Polybius’ Histories may contain the last important work of political thought in ancient Greek, though such claims are always up for debate.  He was born in about 200  BCE in Megalopolis in the central part of the Peloponnesus, that is the southern land mass of mainland Greece. The Greek city states had previously lost full independence to the hegemony of Macedonia. Roman expansion provided both an alternative to Macedonian rule and subordination to a new hegemonic power. The Achaean League had allied Megalopolis and other southern Greek states at a time of renewed independence from  Macedonia.  However, the complications of continuing competition between the Greek city states, along with trying to play Macedonia and Rome off against each other, ended with absorption  into the Roman state system expanding outside of Italy.

These political complexities led to Polybius becoming one of the hostages taken to Rome to ensure the adherence of the Achaean League to an alliance. Polybius was an aristocratic politician and general who served the Roman need for hostages who would tie the elite to Rome.  Polybius could have left Rome long before his death, but became a friend of leading citizens and an admirer of the Republic, so stayed in Italy though maybe dying in southern France in 118 BCE.  He wrote various books, though all we have left is the Histories, and that is not complete. It is mainly concerned with the Punic Wars, that is the wars between Rome and Carthage, and is one of the main sources for that major event in antique history, which is more than just  a war. It was the triumph of one form of republic over another for hegemony in the Mediterranean world. In the end, the Carthaginian Republic was completely destroyed including the city of Carthage itself and Rome changed in nature from a  major power in Italy to the dominant power from Anatolia (the major landmass of what is now Turkey) to Spain, from central Europe to north Africa.
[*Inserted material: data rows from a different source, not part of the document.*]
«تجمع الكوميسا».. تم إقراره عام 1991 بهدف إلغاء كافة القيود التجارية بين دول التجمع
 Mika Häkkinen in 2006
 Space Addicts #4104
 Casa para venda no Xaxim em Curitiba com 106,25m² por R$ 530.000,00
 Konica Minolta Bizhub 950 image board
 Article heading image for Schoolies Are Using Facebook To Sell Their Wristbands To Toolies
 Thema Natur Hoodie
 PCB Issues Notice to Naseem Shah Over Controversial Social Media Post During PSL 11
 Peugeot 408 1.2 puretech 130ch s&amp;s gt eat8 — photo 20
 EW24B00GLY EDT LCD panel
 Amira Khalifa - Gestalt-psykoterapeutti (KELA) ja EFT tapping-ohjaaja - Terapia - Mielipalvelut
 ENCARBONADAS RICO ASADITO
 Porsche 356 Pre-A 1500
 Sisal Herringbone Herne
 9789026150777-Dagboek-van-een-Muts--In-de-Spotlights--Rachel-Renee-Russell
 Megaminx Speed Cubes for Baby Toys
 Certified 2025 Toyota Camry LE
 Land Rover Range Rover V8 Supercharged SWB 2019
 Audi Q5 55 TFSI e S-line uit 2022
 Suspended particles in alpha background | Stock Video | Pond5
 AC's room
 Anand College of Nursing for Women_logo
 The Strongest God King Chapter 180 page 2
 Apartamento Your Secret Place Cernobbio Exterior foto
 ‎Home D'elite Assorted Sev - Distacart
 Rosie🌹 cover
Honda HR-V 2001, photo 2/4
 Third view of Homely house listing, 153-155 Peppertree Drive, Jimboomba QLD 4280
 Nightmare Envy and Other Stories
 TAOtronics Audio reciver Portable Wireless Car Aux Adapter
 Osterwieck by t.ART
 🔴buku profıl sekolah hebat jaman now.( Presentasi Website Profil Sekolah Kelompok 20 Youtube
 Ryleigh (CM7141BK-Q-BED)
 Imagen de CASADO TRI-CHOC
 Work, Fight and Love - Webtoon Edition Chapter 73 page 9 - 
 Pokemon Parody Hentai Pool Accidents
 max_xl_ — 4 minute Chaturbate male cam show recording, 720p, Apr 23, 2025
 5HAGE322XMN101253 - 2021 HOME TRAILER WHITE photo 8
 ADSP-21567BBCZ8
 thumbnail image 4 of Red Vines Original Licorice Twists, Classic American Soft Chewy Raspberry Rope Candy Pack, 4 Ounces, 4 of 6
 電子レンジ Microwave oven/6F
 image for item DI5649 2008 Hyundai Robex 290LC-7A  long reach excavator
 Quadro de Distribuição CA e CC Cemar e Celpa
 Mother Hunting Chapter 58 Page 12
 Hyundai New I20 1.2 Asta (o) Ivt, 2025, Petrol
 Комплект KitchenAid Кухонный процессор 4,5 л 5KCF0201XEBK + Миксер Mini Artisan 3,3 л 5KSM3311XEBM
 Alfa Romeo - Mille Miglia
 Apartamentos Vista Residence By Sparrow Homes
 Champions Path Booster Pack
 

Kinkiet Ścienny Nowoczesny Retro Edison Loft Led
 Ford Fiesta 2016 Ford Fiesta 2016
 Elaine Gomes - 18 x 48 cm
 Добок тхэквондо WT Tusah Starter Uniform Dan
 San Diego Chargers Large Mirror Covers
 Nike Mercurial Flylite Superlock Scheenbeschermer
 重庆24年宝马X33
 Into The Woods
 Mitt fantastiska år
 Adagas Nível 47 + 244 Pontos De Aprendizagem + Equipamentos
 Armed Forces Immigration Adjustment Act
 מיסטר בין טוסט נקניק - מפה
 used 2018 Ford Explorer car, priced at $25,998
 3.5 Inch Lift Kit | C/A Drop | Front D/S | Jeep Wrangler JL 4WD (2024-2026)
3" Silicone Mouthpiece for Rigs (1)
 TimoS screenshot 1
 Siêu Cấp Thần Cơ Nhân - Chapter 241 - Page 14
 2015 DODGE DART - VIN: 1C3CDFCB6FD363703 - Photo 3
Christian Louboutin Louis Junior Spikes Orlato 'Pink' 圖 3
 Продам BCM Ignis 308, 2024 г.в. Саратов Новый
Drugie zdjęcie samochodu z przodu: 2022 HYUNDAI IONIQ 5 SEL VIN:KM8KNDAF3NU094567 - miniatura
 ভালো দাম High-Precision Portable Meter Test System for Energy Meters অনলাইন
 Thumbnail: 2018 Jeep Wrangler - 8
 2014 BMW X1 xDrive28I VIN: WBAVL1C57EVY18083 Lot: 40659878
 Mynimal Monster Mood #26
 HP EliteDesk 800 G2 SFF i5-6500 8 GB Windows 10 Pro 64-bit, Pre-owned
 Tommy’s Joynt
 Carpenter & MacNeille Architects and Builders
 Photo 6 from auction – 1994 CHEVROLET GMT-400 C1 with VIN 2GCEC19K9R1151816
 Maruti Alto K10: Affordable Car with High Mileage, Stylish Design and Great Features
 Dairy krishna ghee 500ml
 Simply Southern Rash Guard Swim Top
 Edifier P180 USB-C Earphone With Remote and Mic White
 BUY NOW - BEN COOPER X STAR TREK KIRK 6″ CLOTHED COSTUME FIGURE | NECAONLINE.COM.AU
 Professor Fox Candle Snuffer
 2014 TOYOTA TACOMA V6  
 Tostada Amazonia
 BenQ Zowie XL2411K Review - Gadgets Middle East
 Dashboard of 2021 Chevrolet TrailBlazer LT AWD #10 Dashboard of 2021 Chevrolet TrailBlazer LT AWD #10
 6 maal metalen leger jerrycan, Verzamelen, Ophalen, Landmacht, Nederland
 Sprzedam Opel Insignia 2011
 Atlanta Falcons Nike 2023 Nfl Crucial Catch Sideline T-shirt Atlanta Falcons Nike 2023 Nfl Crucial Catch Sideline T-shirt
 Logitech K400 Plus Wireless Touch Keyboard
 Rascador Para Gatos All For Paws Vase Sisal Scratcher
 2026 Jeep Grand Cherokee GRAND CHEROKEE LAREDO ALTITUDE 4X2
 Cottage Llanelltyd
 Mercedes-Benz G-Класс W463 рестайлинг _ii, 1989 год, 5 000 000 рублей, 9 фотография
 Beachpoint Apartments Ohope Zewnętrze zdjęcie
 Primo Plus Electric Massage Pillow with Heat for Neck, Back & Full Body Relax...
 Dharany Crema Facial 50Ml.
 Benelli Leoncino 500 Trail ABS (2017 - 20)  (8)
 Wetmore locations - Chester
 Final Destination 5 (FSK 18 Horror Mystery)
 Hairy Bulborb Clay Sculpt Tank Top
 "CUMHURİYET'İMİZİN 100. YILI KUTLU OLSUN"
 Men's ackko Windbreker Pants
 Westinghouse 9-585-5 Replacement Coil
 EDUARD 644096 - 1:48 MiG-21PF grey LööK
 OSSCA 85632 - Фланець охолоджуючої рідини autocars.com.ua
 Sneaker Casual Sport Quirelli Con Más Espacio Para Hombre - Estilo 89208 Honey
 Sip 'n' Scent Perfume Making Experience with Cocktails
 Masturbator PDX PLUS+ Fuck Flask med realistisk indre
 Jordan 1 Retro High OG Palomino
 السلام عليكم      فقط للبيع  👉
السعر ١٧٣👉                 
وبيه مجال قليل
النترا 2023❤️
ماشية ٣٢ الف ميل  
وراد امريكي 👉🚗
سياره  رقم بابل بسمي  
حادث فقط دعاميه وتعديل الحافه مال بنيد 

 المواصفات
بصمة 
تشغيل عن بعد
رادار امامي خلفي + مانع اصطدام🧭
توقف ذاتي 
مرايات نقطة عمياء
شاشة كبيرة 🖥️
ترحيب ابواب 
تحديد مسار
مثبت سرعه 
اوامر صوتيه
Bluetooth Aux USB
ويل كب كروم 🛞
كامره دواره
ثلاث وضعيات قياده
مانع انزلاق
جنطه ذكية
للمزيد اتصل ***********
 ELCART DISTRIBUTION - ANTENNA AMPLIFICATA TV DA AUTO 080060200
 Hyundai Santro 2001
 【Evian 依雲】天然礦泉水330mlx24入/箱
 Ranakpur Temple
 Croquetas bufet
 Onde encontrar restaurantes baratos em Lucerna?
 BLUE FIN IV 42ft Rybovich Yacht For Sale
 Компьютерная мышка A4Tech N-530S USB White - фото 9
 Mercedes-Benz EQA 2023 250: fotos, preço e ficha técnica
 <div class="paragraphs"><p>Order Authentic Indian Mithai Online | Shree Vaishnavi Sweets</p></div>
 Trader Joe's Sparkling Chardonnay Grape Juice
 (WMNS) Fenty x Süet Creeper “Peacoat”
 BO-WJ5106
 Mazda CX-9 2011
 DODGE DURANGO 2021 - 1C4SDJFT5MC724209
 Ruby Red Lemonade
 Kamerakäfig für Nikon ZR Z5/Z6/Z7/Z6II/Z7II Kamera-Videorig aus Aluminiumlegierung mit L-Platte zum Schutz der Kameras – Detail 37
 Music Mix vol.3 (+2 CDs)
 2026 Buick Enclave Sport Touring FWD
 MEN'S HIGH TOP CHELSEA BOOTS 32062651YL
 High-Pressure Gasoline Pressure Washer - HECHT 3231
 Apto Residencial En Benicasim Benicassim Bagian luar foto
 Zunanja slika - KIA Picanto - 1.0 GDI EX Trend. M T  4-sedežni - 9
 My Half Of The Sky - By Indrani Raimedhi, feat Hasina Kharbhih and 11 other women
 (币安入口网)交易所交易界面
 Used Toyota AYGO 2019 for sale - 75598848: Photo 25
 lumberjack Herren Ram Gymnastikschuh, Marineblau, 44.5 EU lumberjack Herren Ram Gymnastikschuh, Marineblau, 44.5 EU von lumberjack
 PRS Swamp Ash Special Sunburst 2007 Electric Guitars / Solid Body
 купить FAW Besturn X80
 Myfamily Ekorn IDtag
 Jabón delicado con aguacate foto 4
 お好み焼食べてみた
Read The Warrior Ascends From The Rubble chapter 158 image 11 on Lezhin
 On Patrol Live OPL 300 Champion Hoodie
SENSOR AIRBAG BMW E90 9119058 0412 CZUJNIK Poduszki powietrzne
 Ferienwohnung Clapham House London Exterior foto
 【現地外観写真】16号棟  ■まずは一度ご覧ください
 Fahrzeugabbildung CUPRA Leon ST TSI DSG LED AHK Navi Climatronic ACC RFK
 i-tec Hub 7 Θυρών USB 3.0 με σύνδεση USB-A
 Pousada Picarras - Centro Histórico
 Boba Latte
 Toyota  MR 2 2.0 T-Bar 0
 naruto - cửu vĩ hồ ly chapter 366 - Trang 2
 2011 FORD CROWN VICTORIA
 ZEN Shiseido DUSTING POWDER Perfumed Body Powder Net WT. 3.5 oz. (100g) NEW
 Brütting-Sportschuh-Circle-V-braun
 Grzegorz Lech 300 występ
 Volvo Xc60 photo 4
The transformation attracted the attention of later writers on liberty, who will appear in later posts. In particular, two great Enlightenment figures Giambattista Vico and Charles-Louis de Secondat, Baron de la Brède et Montesquieu were centrally concerned with the story as that of a triumph of republican liberty, that of Rome, mingled with a subsequent decline of liberty, and the loss of another model of republican liberty,  that of Carthage. The story and the political interpretations were well known over centuries to writers on liberty.

Polybius studied the Punic Wars in depth, using his friendship with the Roman general Scipio and a journey through the Alps where the great Carthaginian general Hannibal crossed into Italy.  Within that historical account, in Book VI Polybius embeds an account of the Roman constitutions, itself mingled with a discussion of the Roman military system.

Polybius concluded that Rome had the greatest of all constitutions known to him. His comparisons were with the Greek city states and with Carthage. He admired the Spartan constitution most out of the Greek constitutions, which may surprise many now. However, as a recent post on Aristotle points out, many Greek thinkers were suspicious of Athenian democracy as allowing a kind of mob rule over law and traditional restraints on power. The way Polybius supports that positions is to refer to the limited endurance of Athenian democracy, (defended by Pericles reported in Thucydides) compared with the more oligarchic, or aristocratic, Spartan republic.  Republic is a Latin originated word, which is very close in meaning to the Greek term for a city based on laws, which in modern English becomes polity, so when discussing Rome and Greece together, republic is a useful term.

The idea that Sparta was a better model for a modern republic than Athens, goes up to the Constitution of the United States. The Framers were conscious of the idea that the Athenian republic had failed, because it was too democratic, maybe too much based on the rule of the propertyless majority to be a republic. The United States did not have a citizen assembly like those of ancient Greece, but the Framers thought of the House of Representatives as an equivalent body, to be restrained by an aristocratic-oligarchic body, that is the Senate, along with a monarchical body, that is the President. Senators were nominated by state governments at that time, and the Electoral College to appoint the President was understood much more at that time as a vote for electors who would make up their own mind than as a embellishment in the direct election of the President.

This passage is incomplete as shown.